▶ [Supplied data]:
====================
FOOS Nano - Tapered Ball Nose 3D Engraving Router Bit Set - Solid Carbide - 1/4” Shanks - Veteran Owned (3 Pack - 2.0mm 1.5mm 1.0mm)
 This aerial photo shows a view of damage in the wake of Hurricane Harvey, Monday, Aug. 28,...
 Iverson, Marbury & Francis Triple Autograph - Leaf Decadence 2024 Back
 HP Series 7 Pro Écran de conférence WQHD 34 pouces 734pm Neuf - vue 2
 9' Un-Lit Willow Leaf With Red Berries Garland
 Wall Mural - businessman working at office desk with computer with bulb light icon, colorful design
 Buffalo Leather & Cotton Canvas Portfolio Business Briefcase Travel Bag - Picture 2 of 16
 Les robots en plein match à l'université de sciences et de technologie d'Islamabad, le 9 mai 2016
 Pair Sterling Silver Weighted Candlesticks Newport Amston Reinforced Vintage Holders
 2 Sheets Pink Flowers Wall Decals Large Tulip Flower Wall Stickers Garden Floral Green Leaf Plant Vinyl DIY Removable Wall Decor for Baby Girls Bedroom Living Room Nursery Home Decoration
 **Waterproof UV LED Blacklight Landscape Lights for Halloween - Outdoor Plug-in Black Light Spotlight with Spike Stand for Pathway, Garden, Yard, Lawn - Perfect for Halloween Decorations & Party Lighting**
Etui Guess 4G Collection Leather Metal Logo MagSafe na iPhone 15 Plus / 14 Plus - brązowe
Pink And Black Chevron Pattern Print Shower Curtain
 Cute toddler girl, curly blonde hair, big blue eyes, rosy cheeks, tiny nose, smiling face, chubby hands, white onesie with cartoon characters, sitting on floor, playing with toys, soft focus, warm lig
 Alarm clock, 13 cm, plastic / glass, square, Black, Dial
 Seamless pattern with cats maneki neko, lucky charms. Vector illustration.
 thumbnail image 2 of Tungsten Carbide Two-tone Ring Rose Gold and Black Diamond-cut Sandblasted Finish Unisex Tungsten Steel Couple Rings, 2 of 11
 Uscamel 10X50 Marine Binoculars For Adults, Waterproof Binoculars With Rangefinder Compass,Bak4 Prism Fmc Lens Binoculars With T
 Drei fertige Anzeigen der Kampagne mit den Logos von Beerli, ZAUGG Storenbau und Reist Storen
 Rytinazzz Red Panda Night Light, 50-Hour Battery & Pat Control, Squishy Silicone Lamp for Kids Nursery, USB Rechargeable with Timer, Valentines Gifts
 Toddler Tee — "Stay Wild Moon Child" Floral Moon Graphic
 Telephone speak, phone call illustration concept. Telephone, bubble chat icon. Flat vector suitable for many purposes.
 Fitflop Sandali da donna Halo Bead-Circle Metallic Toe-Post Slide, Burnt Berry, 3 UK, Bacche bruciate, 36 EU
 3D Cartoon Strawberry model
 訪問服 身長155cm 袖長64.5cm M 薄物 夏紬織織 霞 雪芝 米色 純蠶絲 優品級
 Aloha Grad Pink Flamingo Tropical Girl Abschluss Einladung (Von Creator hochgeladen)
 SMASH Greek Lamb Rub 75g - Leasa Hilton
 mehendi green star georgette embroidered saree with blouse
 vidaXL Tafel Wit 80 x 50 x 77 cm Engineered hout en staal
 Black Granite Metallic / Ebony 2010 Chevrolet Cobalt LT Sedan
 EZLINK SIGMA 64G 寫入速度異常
====================
Return only the part of the records above that opens with the line containing "Toddler Tee —" and closes with the line containing "訪問服 身長155cm 袖長64.5cm", ends included.

 Toddler Tee — "Stay Wild Moon Child" Floral Moon Graphic
 Telephone speak, phone call illustration concept. Telephone, bubble chat icon. Flat vector suitable for many purposes.
 Fitflop Sandali da donna Halo Bead-Circle Metallic Toe-Post Slide, Burnt Berry, 3 UK, Bacche bruciate, 36 EU
 3D Cartoon Strawberry model
 訪問服 身長155cm 袖長64.5cm M 薄物 夏紬織織 霞 雪芝 米色 純蠶絲 優品級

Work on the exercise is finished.